Closed yuehanlyu closed 3 years ago
@yuehanlyu I can not reproduce your issue, it could be an environmental problem. I googled the error message, see here: https://stackoverflow.com/questions/39953245/how-to-fix-java-lang-classcastexception-cannot-assign-instance-of-scala-collect
It seems the error could be caused by missing jars in the Spark worker nodes, please try to add the following related jars:
pmml4s-spark_2.11-0.9.7.jar
pmml4s_2.11-0.9.7.jar
commons-text-1.6.jar
spray-json_2.11-1.3.5.jar
You can get those jars from here: https://github.com/autodeployai/pypmml-spark/tree/master/pypmml_spark/jars
@scorebot, thanks for your help!
I change the environment to Spark 2.4.0, and upload three jars
pmml4s-spark_2.11-0.9.7.jar
pmml4s_2.11-0.9.7.jar
spray-json_2.11-1.3.5.jar
Then the transform function works! p.s. Spark 2.4.4 with those jars didn't work.

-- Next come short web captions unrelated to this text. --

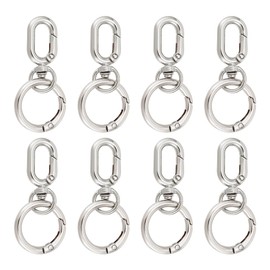 UNICRAFTALE 8Pcs Double Opening Metal Spring Hooks Clip Alloy Swivel Clasps with Spring Gate Rings 55mm Long Platinum Trigger Spring Keyring Buckle for DIY Key Chains Bags Purses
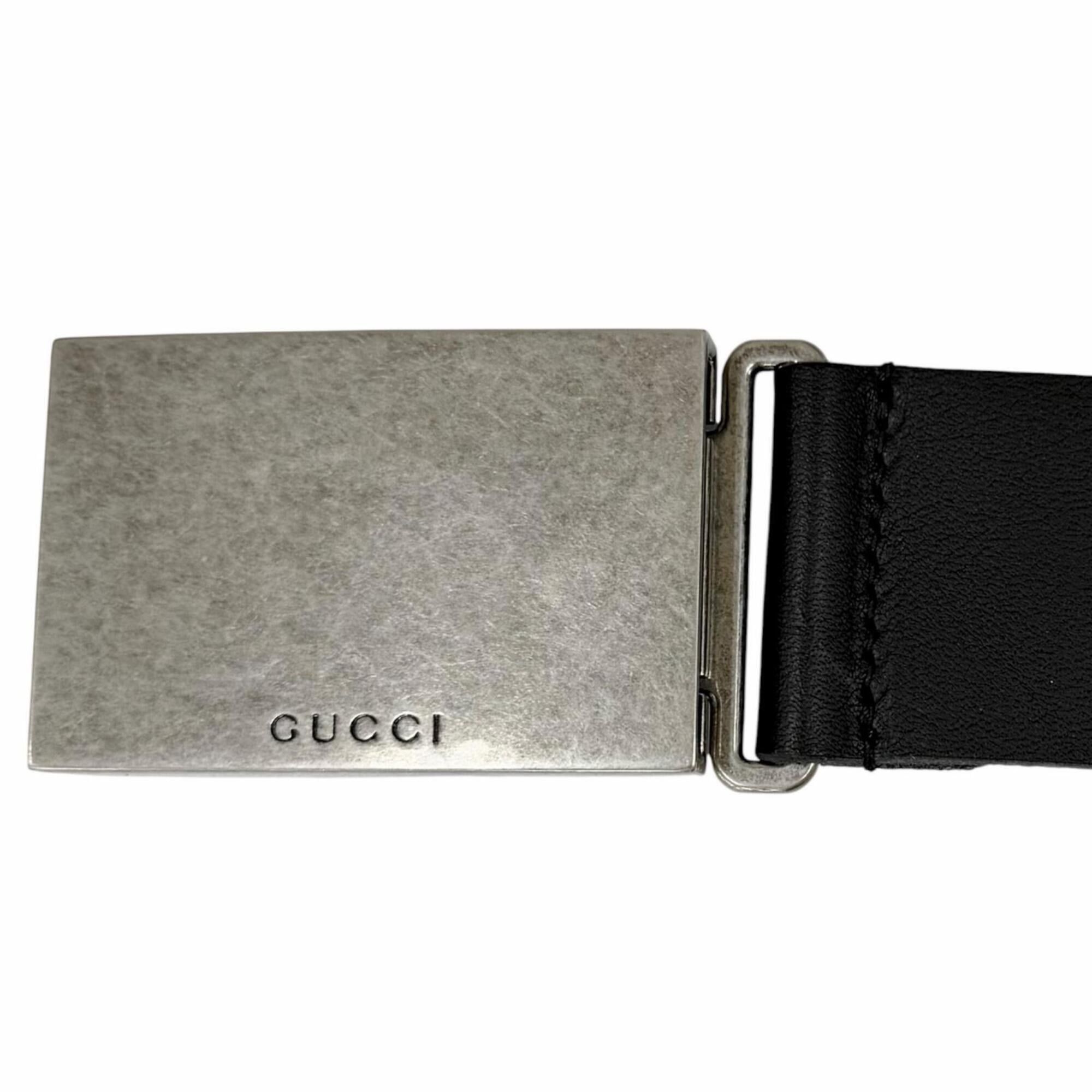 Gucci GUCCI 835193 Logo Buckle Antique Leather Belt, Silver and Black, Made in Italy, Size 90 36, Men's/Women's Size ONE SIZE - 4 Thumbnail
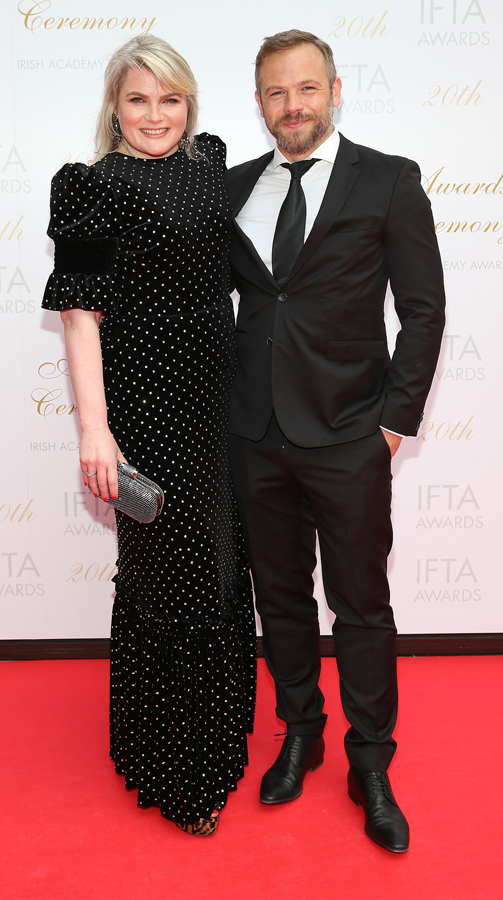 Nancy Harris and Moe Dunford at the Irish Film and Television Awards 2023 at the Dublin Royal Convention Centre. Pic: Brian McEvoy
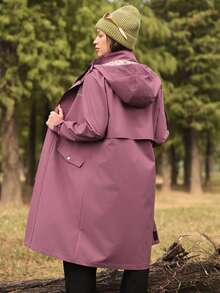 In My Nature Women's Letter Print Raglan Sleeve Hooded Outdoor Raincoat Jacket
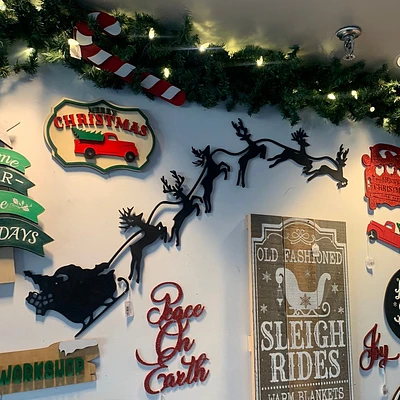 Flying Santa and Reindeer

Hi! I'm trying to use AWS EMR to score a Dataframe using a pmml model, but got error that is not explicit to trace. Any help would be appredicated.
Read the dataframe:
val df = spark.read.parquet("myDataframe.parquet")
df.show()
works fine.Read the pmml model:
val model = ScoreModel.fromFile("myxgboostModel.pmml")
Then run the following code:
model.transform(df).show()
Gave an error message:
java.lang.ClassCastException: cannot assign instance of scala.collection.immutable.List$SerializationProxy to field org.apache.spark.rdd.RDD.org$apache$spark$rdd$RDD$$dependencies_ of type scala.collection.Seq in instance of org.apache.spark.rdd.MapPartitionsRDD
Environment: Spark 2.4.4, Zeppelin 0.8.2.
However, I didn't meet this error when I was coding with Intellij on my macbook.